* [WHAT YOU ARE ASKED TO DO]:
Return each line of the listing exactly, though without its images.

* [EXERCISE MATERIAL]:
BEGIN

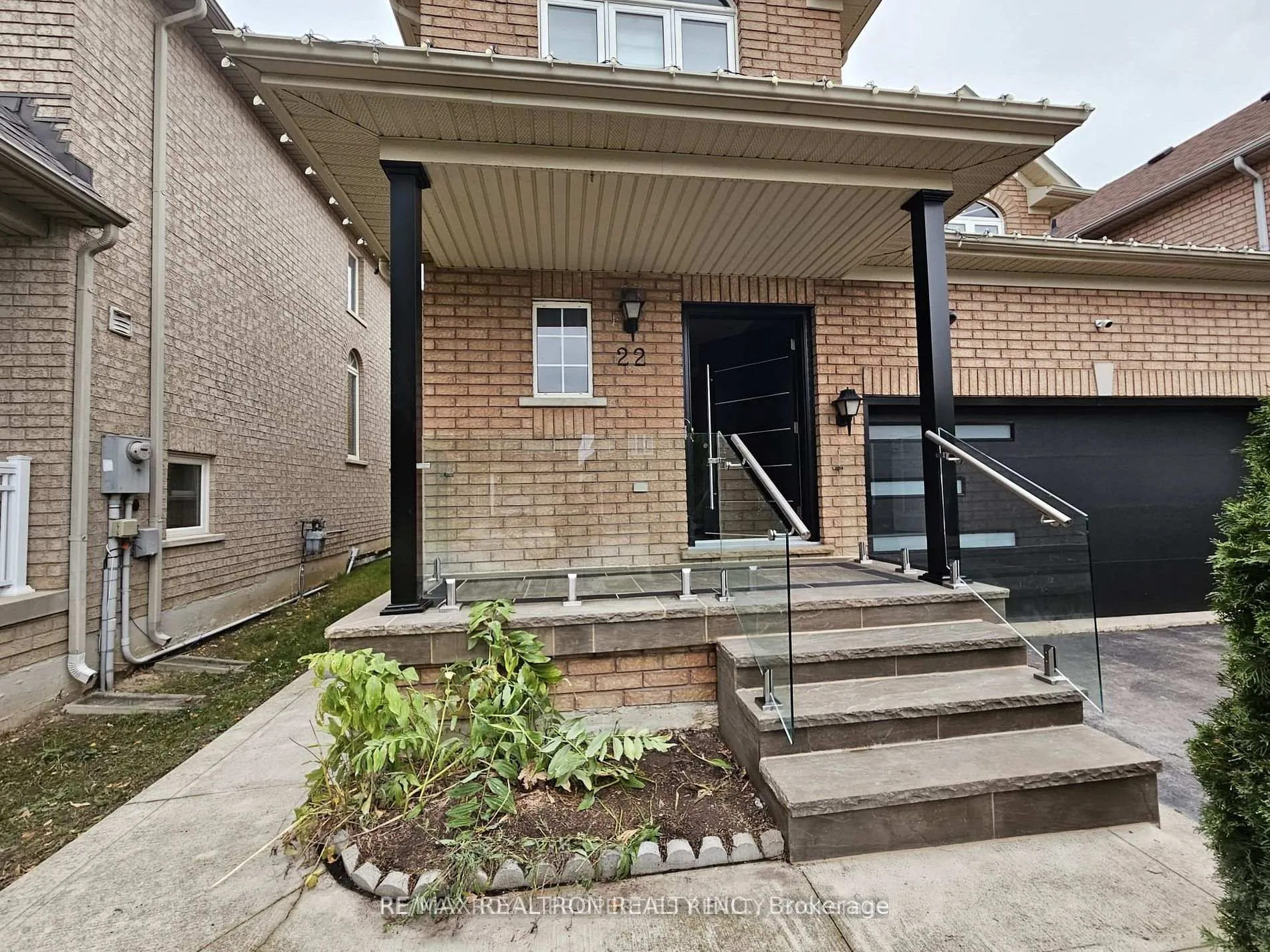 Photo 3 of Unit Main & 2nd Floor, 22 Grape Trail, Brampton, Fletcher's Meadow — HOMEH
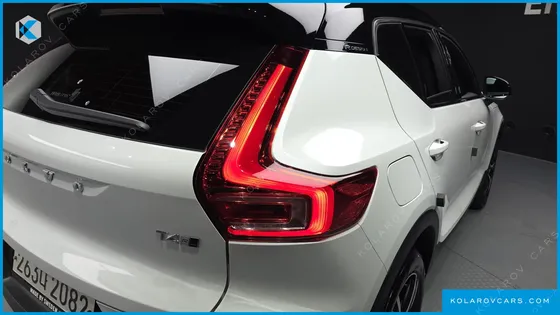 VOLVO XC40 T4 R-DESIGN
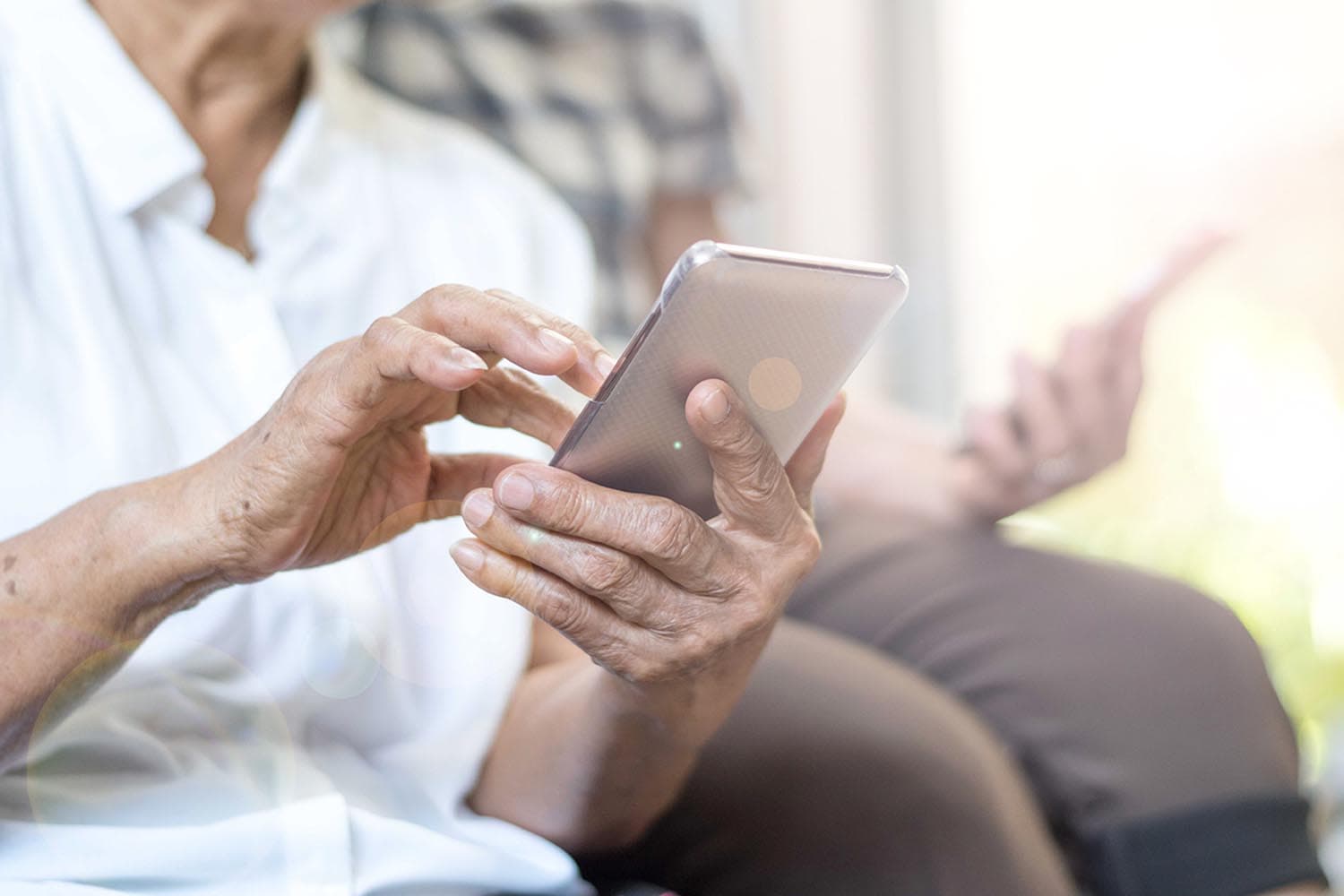 economy_pensioner_scammer_deposit_account_SPACEBAR_Hero_8e7bfc76ea.jpg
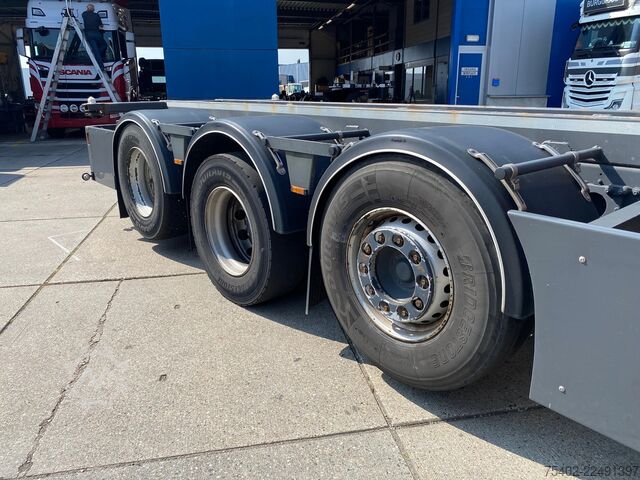 Standardni SZM DAF XF 480 H4KN3 / SC / 8x2 / 20FT Container chassi...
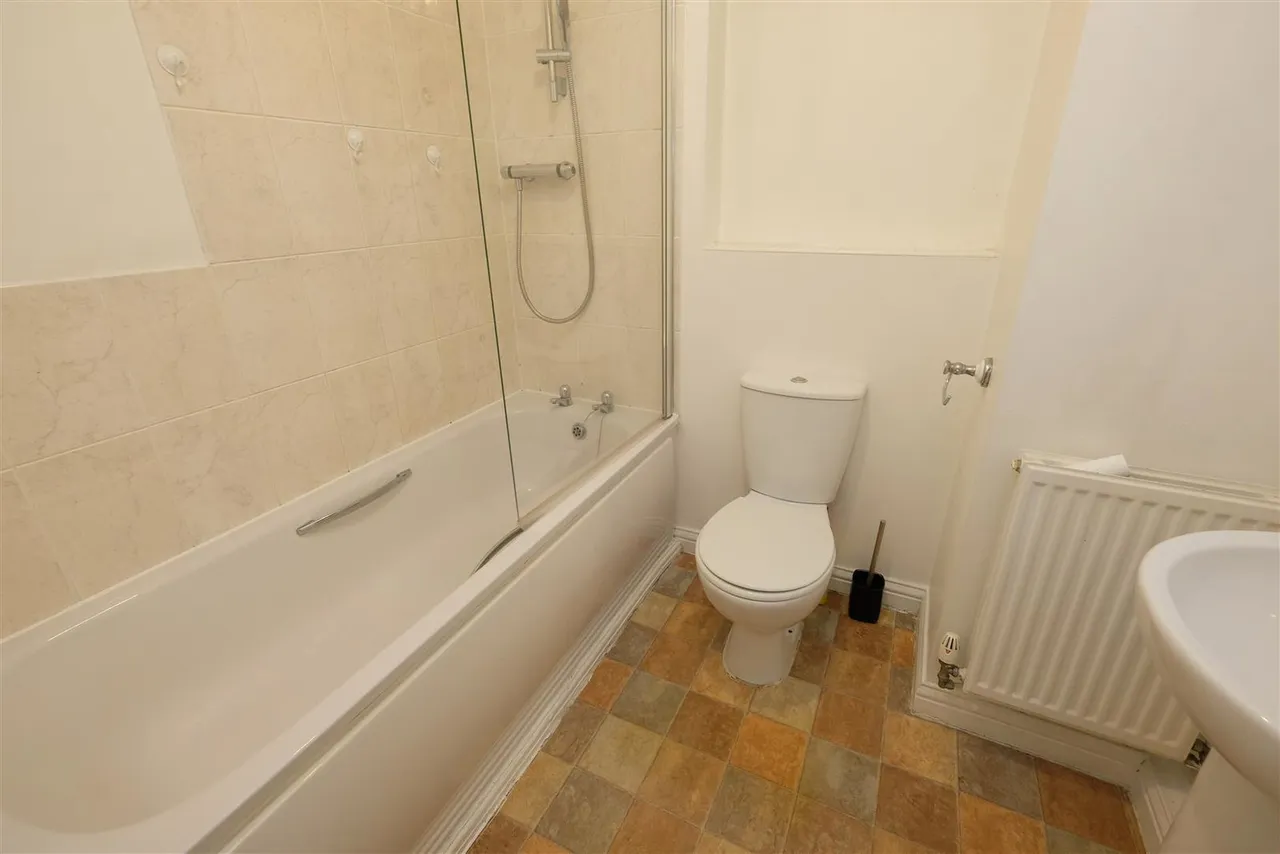 Trefoil Gardens, AMBLECOTE, DY8 4DB, photo 11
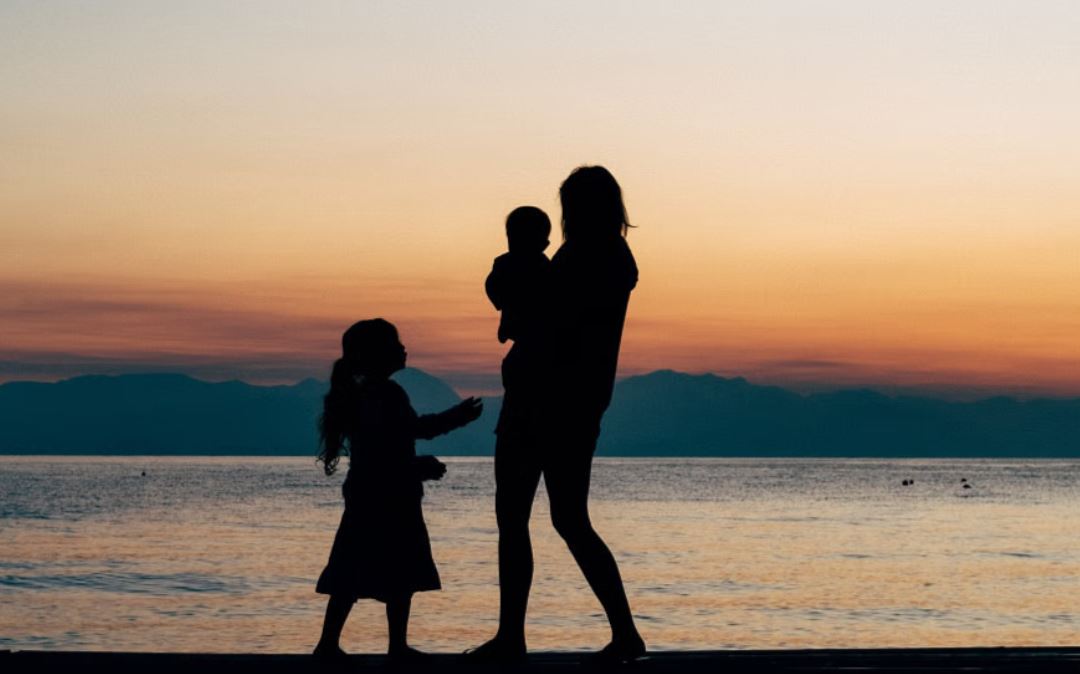 দত্তক নিতে গেলে যেসব আইনি জটিলতা মোকাবিলা করতে হয়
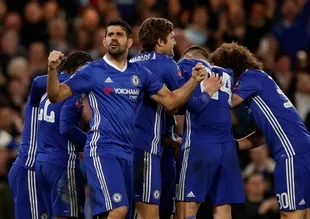 Chelsea, Manchester United'ı devirdi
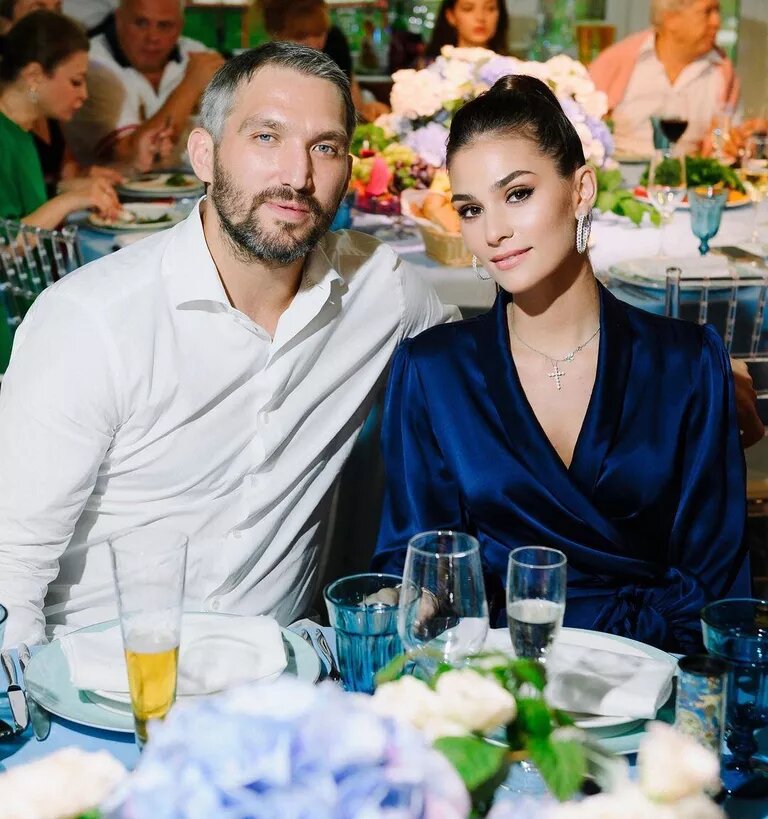 © Фото : Социальные сети Анастасии Шубской
Александр Овечкин и Анастасия Шубская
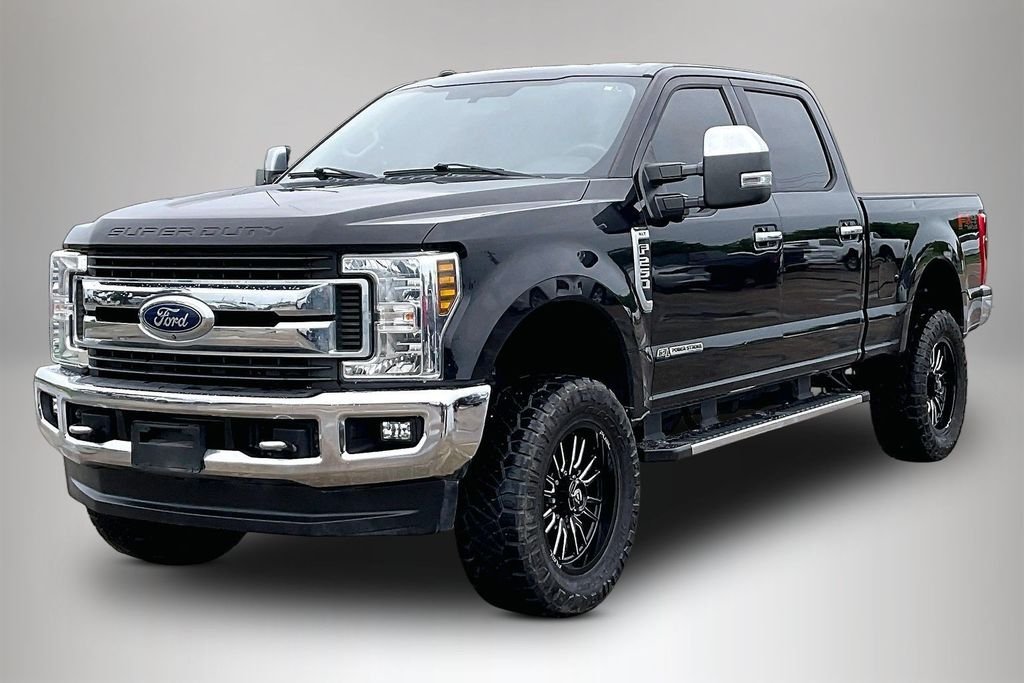 Used 2019 Agate Black Metallic Ford XLT image 2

END

* [RESPONSE BELOW]:
 Photo 3 of Unit Main & 2nd Floor, 22 Grape Trail, Brampton, Fletcher's Meadow — HOMEH
 VOLVO XC40 T4 R-DESIGN
 economy_pensioner_scammer_deposit_account_SPACEBAR_Hero_8e7bfc76ea.jpg
 Standardni SZM DAF XF 480 H4KN3 / SC / 8x2 / 20FT Container chassi...
 Trefoil Gardens, AMBLECOTE, DY8 4DB, photo 11
 দত্তক নিতে গেলে যেসব আইনি জটিলতা মোকাবিলা করতে হয়
 Chelsea, Manchester United'ı devirdi
 © Фото : Социальные сети Анастасии Шубской
Александр Овечкин и Анастасия Шубская
 Used 2019 Agate Black Metallic Ford XLT image 2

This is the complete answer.